The PRs are merged. :D
> On 11 Dec 2015, at 17:28, Stephan Ewen <se...@apache.org> wrote:
>
> A solution for that is in these two pull requests:
>
> https://github.com/apache/flink/pull/1447
>
> https://github.com/apache/flink/pull/1448
>
> On Fri, Dec 4, 2015 at 10:21 PM, Robert Metzger <rmetz...@apache.org> wrote:
> I think we need to find a solution for this problem soon.
> Another user is most likely affected:
> http://stackoverflow.com/q/34090808/568695
>
> I've filed a JIRA for the problem:
> https://issues.apache.org/jira/browse/FLINK-3121
>
>
> On Mon, Nov 30, 2015 at 5:58 PM, Aljoscha Krettek <aljos...@apache.org> wrote:
> Maybe.
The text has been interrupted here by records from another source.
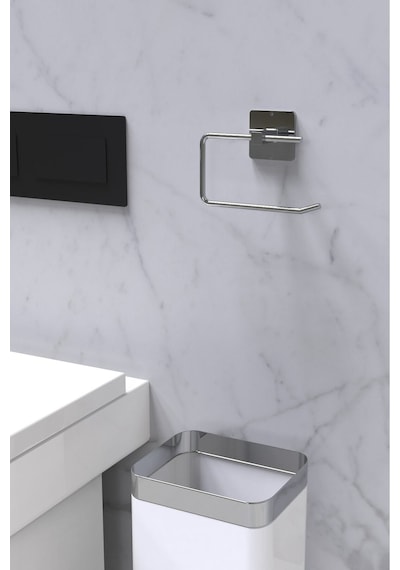 Karteya Yapışkanlı Gümüş Wc Kağıtlık Ve Kare Havluluk Banyo Mutfak 2'li Set Krom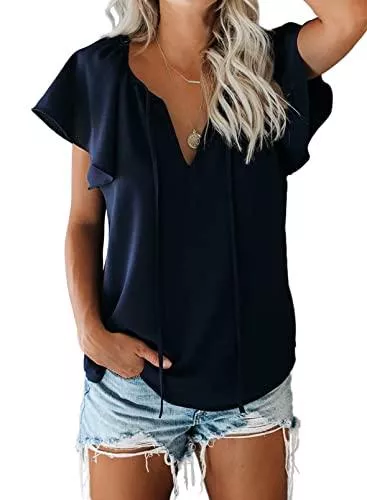 Dokotoo Kurzarmblusen Dokotoo Damen Bluse Sommer Blumen Kurzarm Tunika Boho Lose V-Ausschnitt Oberteile T-Shirt Tops S-2XL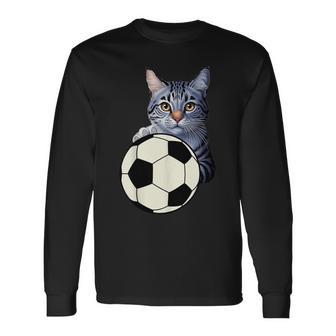 面白い猫サッカーボールグラフィック子猫のスポーツ愛好家のコスチューム 長袖Tシャツ - Kawaiitshirt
In the Kafka case we just need to ensure that parallel instances of
> the source that know that they don’t have any partitions assigned to them
> emit Long.MAX_VALUE as a watermark.
>
> > On 30 Nov 2015, at 17:50, Gyula Fóra <gyula.f...@gmail.com> wrote:
> >
> > Hi,
> >
> > I think what we will need at some point for this are approximate
> > whatermarks which correlate event and ingest time.
> >
> > I think they have similar concepts in Millwheel/Dataflow.
> >
> > Cheers,
> > Gyula
> > On Mon, Nov 30, 2015 at 5:29 PM Aljoscha Krettek <aljos...@apache.org>
> > wrote:
> > Hi,
> > as an addition. I don’t have a solution yet, for the general problem of
> > what happens when a parallel instance of a source never receives elements.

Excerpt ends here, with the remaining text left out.